#### Given records:

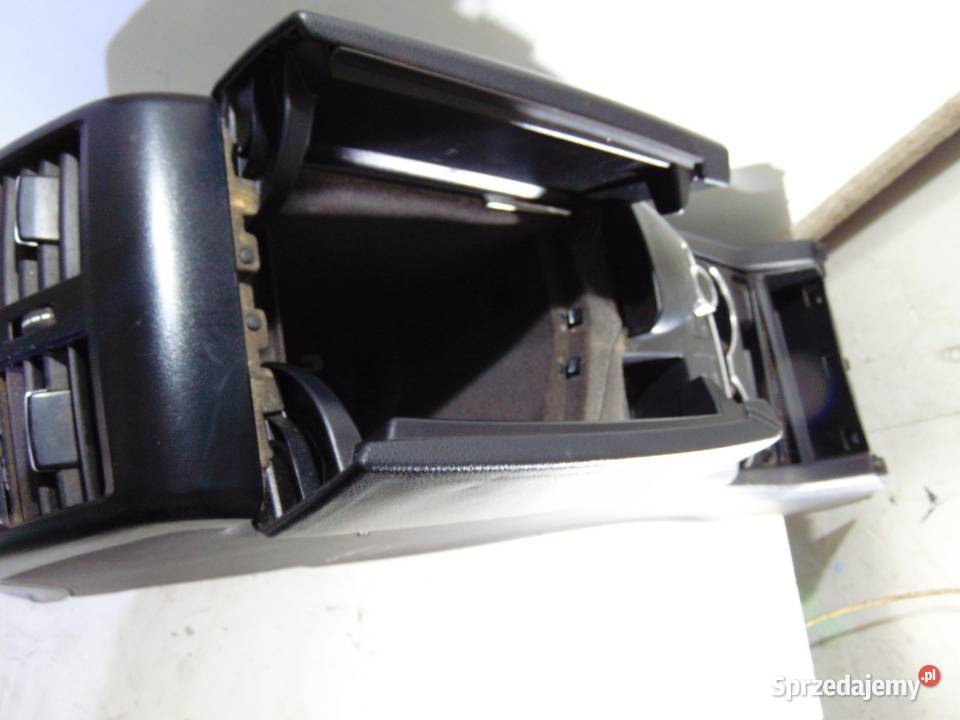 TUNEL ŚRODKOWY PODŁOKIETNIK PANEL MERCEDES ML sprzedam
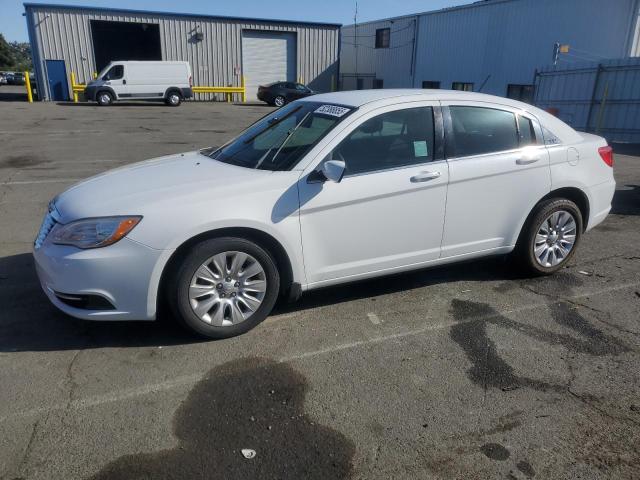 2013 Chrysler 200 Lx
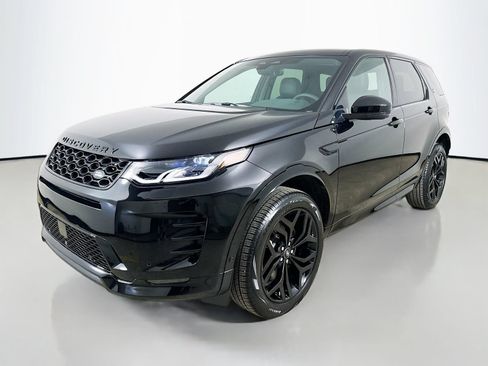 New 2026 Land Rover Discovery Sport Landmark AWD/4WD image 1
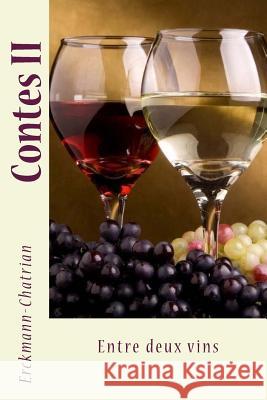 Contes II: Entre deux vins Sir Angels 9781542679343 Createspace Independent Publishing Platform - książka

* * *

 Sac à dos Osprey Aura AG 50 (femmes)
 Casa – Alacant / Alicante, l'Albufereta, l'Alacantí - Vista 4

--

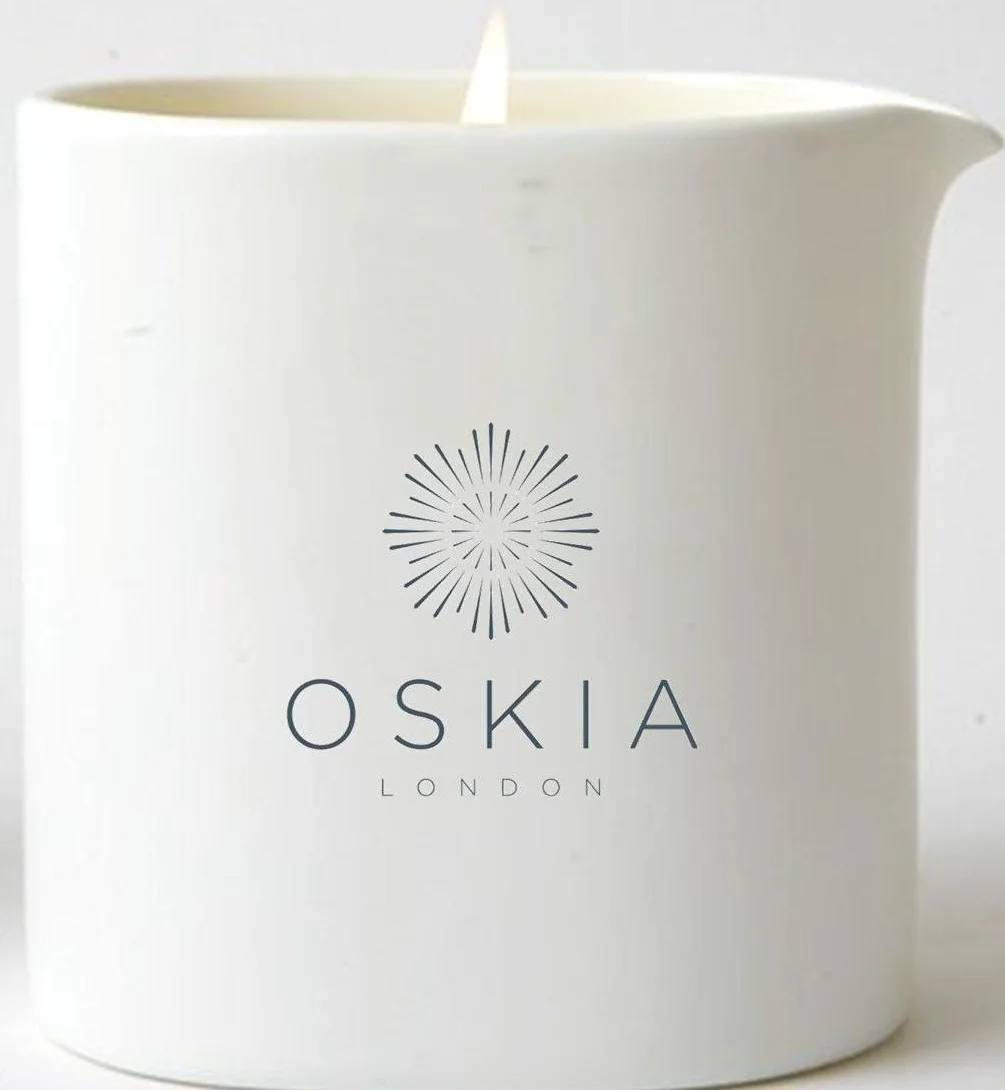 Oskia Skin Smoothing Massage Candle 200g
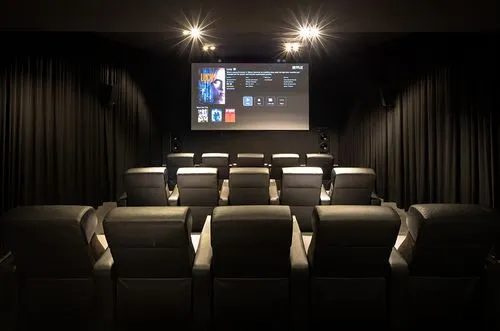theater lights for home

#### Work to be completed:
Word for word, repeat the lines above from the one with "TUNEL ŚRODKOWY PODŁOKIETNIK" through the one with "Contes II: Entre", and nothing beyond them. Omit the pictures.

#### Solution for this task:
 TUNEL ŚRODKOWY PODŁOKIETNIK PANEL MERCEDES ML sprzedam
 2013 Chrysler 200 Lx
 New 2026 Land Rover Discovery Sport Landmark AWD/4WD image 1
 Contes II: Entre deux vins Sir Angels 9781542679343 Createspace Independent Publishing Platform - książka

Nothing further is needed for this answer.